Data block:
++++++++++++++++++++

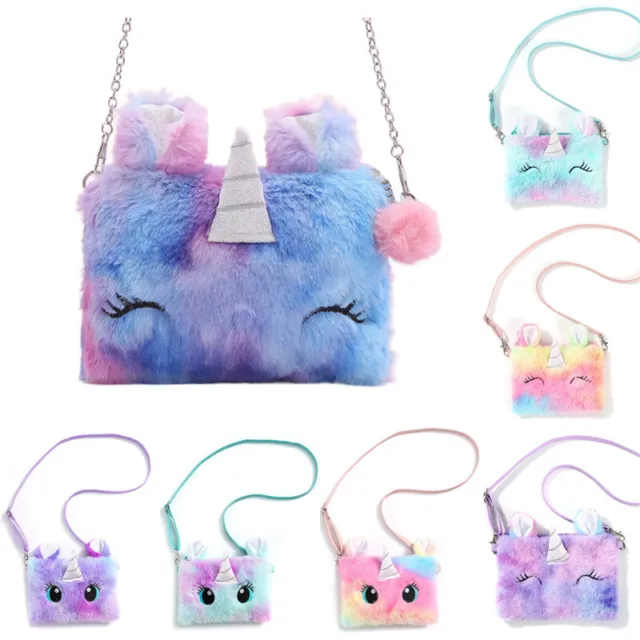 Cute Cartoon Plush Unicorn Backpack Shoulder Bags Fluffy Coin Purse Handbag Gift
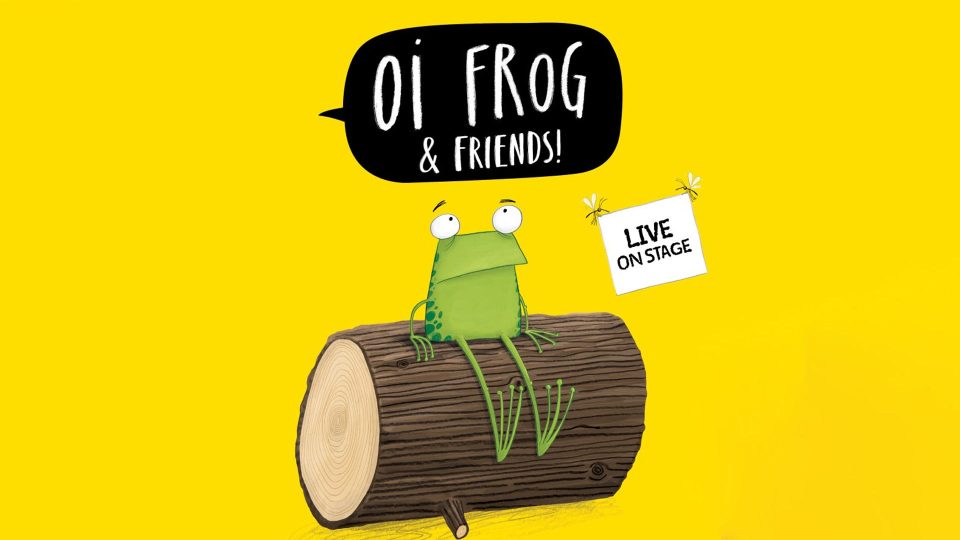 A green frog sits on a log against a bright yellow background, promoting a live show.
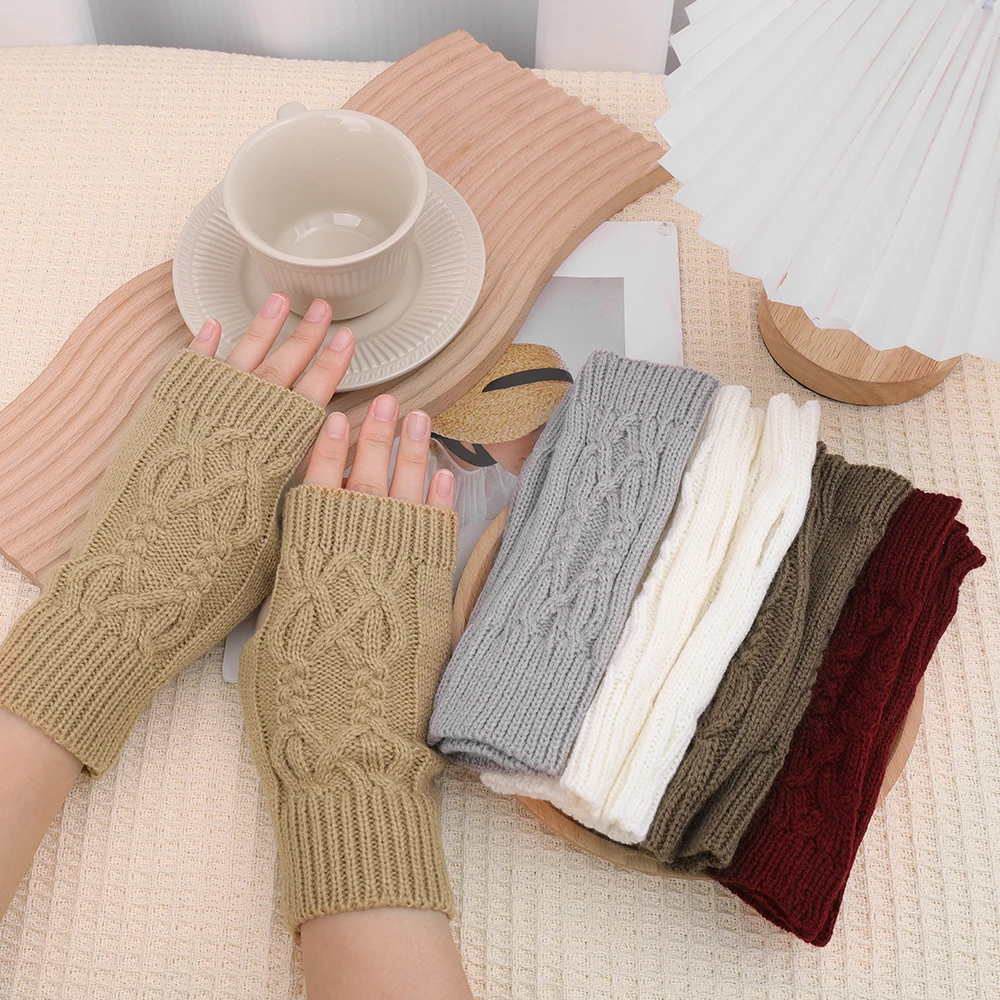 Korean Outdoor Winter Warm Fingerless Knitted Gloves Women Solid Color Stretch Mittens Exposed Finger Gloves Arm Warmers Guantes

++++++++++++++++++++

What you will do:
Leave out the pictures. Transcribe only the lines above, from the first through the one that contains "A green frog".

Expected output:
 Cute Cartoon Plush Unicorn Backpack Shoulder Bags Fluffy Coin Purse Handbag Gift
 A green frog sits on a log against a bright yellow background, promoting a live show.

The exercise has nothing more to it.